■ **EXERCISE MATERIAL**:
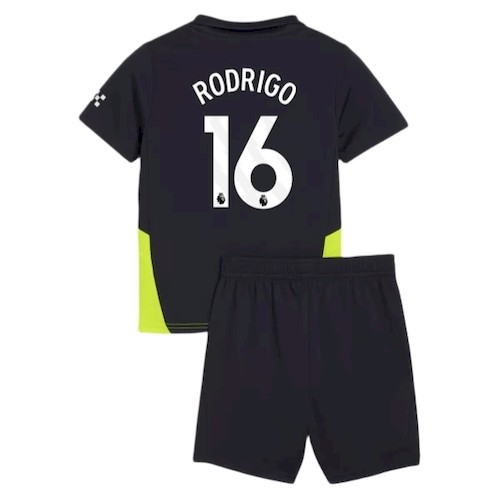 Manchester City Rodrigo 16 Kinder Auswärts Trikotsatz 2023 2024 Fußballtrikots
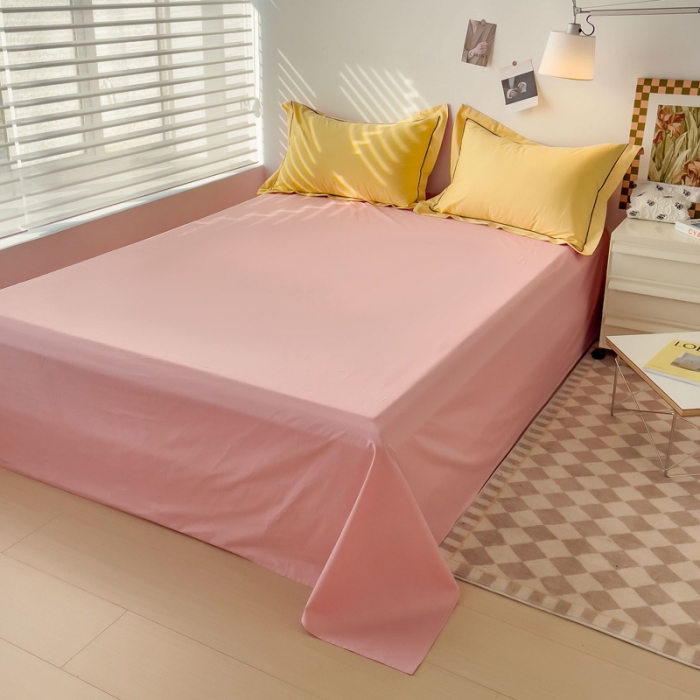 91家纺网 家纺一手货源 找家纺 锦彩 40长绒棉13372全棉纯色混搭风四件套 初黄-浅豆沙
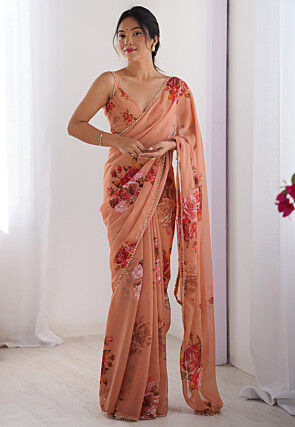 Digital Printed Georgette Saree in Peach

---

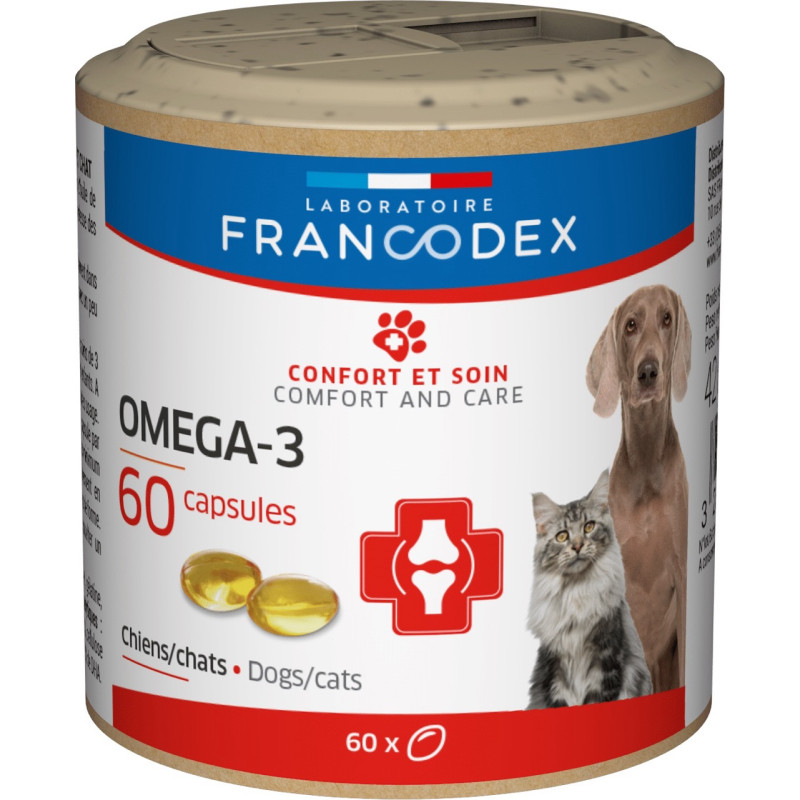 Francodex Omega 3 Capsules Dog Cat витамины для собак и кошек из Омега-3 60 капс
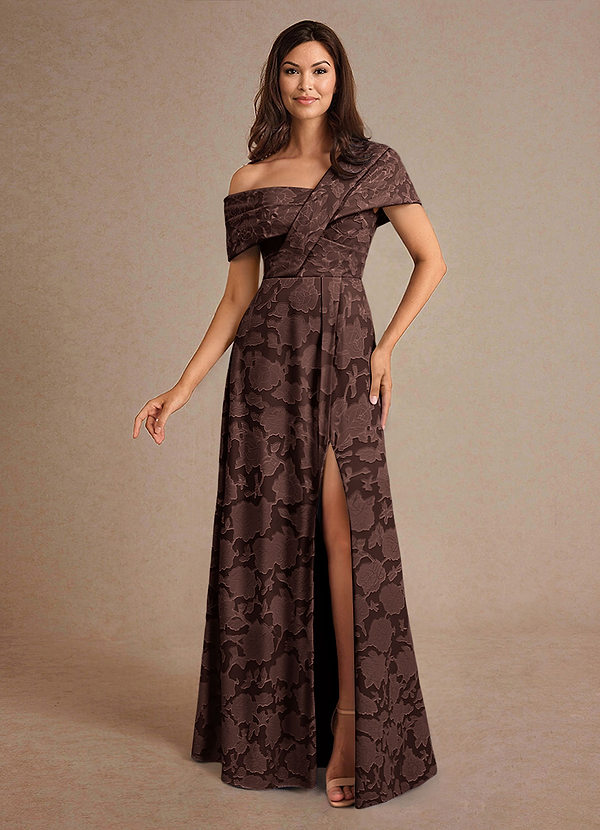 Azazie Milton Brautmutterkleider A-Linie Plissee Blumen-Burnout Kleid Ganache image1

■ **WHAT YOU WILL DO**: Give again, exactly as written above, every line from the one holding "Manchester City Rodrigo" to the one holding "Digital Printed Georgette Saree in Peach", with both ends kept and the pictures left out.

■ **FINISHED EXERCISE**:
 Manchester City Rodrigo 16 Kinder Auswärts Trikotsatz 2023 2024 Fußballtrikots
 91家纺网 家纺一手货源 找家纺 锦彩 40长绒棉13372全棉纯色混搭风四件套 初黄-浅豆沙
 Digital Printed Georgette Saree in Peach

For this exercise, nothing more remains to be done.